HR shouldn’t shrink from its vital role in building successful leadership, says HR director Jennifer White CPHR
Courage. It’s a big word, usually used in reference to soldiers. Or, in a less life-and-death sense, to footballers. But it does apply to anyone who takes on a task involving formidable opposition. But when it comes to the question of successful leadership, it makes all the difference.
Courage is certainly a quality relevant to HR, in a number of ways. It takes courage to accept a job that involves bringing about major organisational and cultural change. It takes courage to confront and work through the resistance to such change. It takes courage to face up to the fact that you have done all you can and it’s time to move on.
Jennifer White is an HR practitioner who has experienced this chain of events in recent years. She doesn’t directly refer to herself as courageous, but it’s inherent in her story.
Where she does mention courage is in the context of stressing that effective HR leadership includes encouraging it in others.
“In many cases in the past I have worked with business leaders who needed to be braver,” says White, HR director, Australia and New Zealand at Avnet Technology Solutions, a global IT solutions distribution leader.
“There’s a lot of data about how people view leadership in Australia. Business leaders are considered untrustworthy and too concerned with their own self-interest. Really good, constructive, healthy corporate leadership is rare.
“With that as a backdrop, we have to do something. But having the courage to step in and do it… it’s tough. A lot of HR practitioners feel their hands are tied and they don’t have a voice. It diminishes the role of strategic HR people. We have a voice that matters.”
White is drawing from a 2015 report by the Swinburne University of Technology’s Leadership Institute, The Swinburne Leadership Survey: Index of Leadership for the Greater Good. A cross-section of 800 people across Australia were surveyed for the study, which looked at attitudes to leadership in politics, business, trade unions, religion and the community. As you might expect, politicians fared the worst.
What shocked White were the poor results for business leaders. They scored 80 per cent approval for competency, but only 54 per cent for trustworthiness and a meagre 18 per cent for caring more about the public interest than self-interest. Whether they cared more about short-term results or the future was almost a 50-50 split.
“We’re working in a changing landscape,” says White, “and yet I witness the business world often becoming more short-term and short-sighted; month to month, quarter to quarter. HR has a strong role to play in stepping up and calling for the need to be more strategic and to think for the long term.

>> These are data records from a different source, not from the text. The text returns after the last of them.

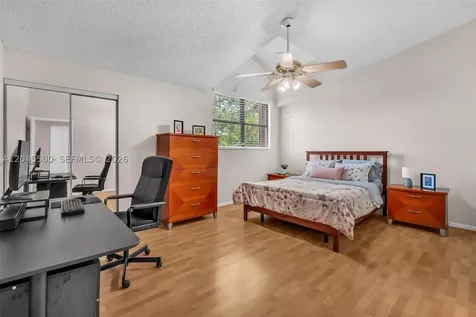 10060 SW 137th Court Miami FL 33186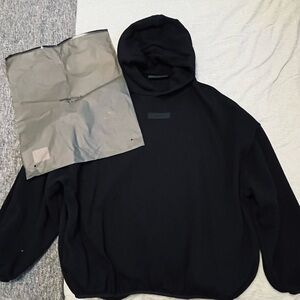 Essentials - Fear of God Black Hoodie
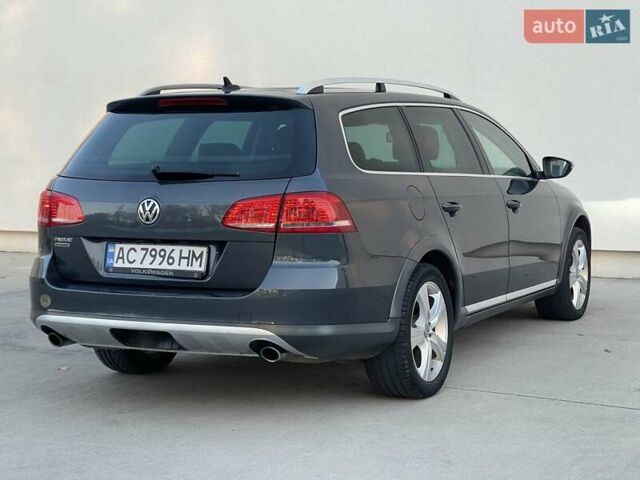 Сірий Фольксваген Пассат Альтрак, об'ємом двигуна 2 л та пробігом 241 тис. км за 11990 $, фото 20 на Automoto.ua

“And if HR practitioners are to do that, they need the necessary professionalism and the confidence professionalism brings.”
That’s why White supports the introduction of AHRI’s certification program. She applied for certification this year, gaining it through the Senior Leaders Pathway.
“If we don’t invest in ourselves first and foremost, we can’t be the profession we need to be. We have to invest in our own development and the development of leaders. We have to coach them, show them the blind spots and hold their hands through it. That’s our job.”
Blueprint for change
The personal case study White presented for certification described her recent three years working for a not-for-profit organisation.
“They were going through rapid growth when I joined, with 250 staff and they didn’t know how many volunteers. When I left, they had 500 staff and just over 300 volunteers.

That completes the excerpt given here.